Face à la volonté d’Idrissa Seck de faire triompher le Non au Sénégal et à Thiès particulièrement,  il faudra opposer l’union des forces désormais notée chez les grands responsables politiques de l’Apr. Dans la capitale du Rail, le bloc a été reconstruit chez les Apéristes et alliés. Pour Ndèye Soukèye Guèye, présidente du RESYF et coordinatrice de «Cap Forces 35», le combat de l’opposition et notamment celui de l’ex-maire de Thiès est perdu d’avance. Perdu d’avance parce que les forces en présence sont inégales, mais aussi parce que Idy se cache derrière un maladroit prétexte incapable d’embobiner les Chefs religieux.
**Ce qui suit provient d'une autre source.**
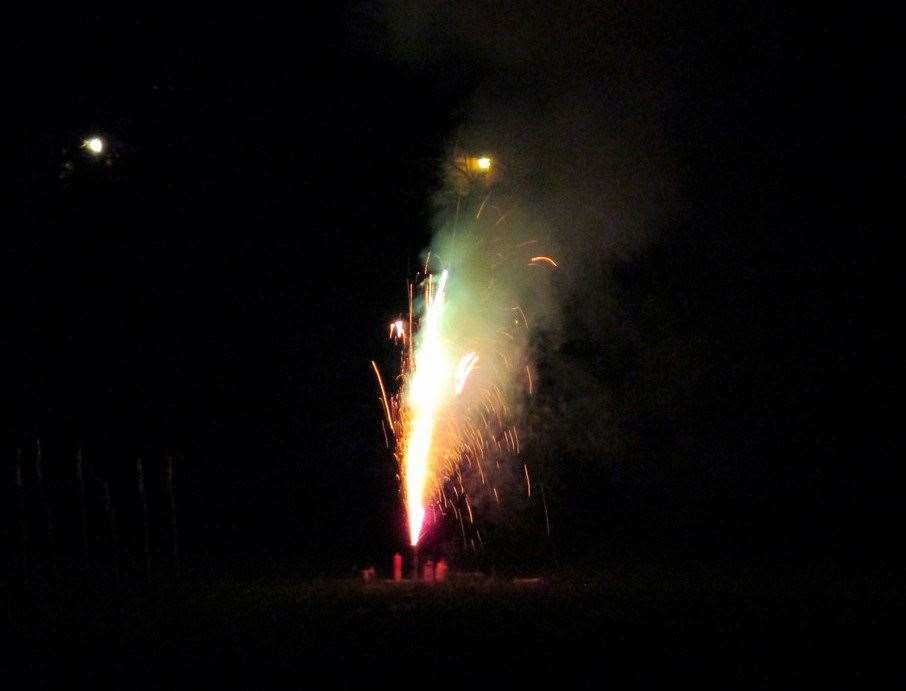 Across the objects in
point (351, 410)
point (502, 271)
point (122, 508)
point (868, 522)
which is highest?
point (502, 271)

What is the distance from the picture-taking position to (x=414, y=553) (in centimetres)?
1308

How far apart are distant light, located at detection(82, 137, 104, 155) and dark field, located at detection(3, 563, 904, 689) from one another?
4646 mm

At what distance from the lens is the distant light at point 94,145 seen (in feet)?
36.7

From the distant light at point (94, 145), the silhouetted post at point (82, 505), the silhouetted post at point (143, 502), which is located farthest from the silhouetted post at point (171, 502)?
the distant light at point (94, 145)

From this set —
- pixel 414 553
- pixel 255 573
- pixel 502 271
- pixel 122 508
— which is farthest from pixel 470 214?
pixel 122 508

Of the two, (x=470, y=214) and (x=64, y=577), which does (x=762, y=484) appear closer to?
(x=470, y=214)

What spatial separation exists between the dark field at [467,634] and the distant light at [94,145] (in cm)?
465

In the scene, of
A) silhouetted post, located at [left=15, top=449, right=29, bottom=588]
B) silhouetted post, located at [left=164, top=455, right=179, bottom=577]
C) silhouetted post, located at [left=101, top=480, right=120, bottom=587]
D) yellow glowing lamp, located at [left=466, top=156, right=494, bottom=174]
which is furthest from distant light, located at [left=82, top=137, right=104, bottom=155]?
silhouetted post, located at [left=101, top=480, right=120, bottom=587]

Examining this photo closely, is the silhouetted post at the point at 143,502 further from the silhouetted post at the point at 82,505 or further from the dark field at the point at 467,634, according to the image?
the dark field at the point at 467,634

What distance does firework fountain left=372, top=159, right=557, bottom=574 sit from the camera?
14008mm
Pour la républicaine, l’homme « manque d’éthique » en faisant de la question de laïcité son cheval de bataille, juste pour installer la chienlit au Sénégal.

 



« En manque d’arguments sérieux contre le texte référendaire proposé par le chef de l’Etat, l’opportunisme électoral d’Idrissa Seck se nourrit d’arguties pour semer le doute dans la conscience des sénégalais et particulièrement de leurs élites religieuses. Le président de Rewmi qui incarne l’érudition islamique, se devait d’être fidèle à sa conscience, car un jour viendra où il rendra compte à son Créateur. De Senghor à nos jours, notre pays a vécu sous le régime constitutionnel d’une laïcité de coexistence telle que pratiquée dans certains cantons Suisses, au Portugal, en Espagne », a laissé entendre la responsable politique. Pour N'dèye Soukèye Guèye, la question de la laïcité est profonde. « La première loi institutionnelle en Islam se matérialise dans le traité d’Hodaybya où le prophète (Psl) acculé par les païens mecquois a signé en sa qualité de "Mohamad fils de Abdallah" en lieu et place de sa qualité de "Prophète de Dieu." » 

« Ce texte au contenu laïc, martèlera -t-elle, a permis aux musulmans d’effectuer la visite rituelle à la Kaaba. Dans le même ordre d’idée, le Saint-Coran, affiche à la sourate 109 (les mécréants) : "Lakoum Dinakoum Waliya Diin" qui signifie substantiellement  « à vous votre religion, à moi la mienne! »  

La responsable politique d’ajouter que la laïcité au Sénégal, par son caractère convivial est acceptée par tous les Khalifes du Sénégal de 1960 à nos jours.  Elle ajoutera aussi que les intellectuels sénégalais ont, de tout temps, été  stressés par la laïcité à la française qui combat l’Islam.





« Idrissa Seck, au nom de la vérité qu’il sait, devrait tenir un autre langage, car Dieu menace de représailles ceux qui dissimulent la vérité qu’ils savent », conclut N'dèye Soukèye Guèye qui annonce le triomphe du Oui après avoir rappelé que son mentor ne sera jamais tenté de combattre la religion.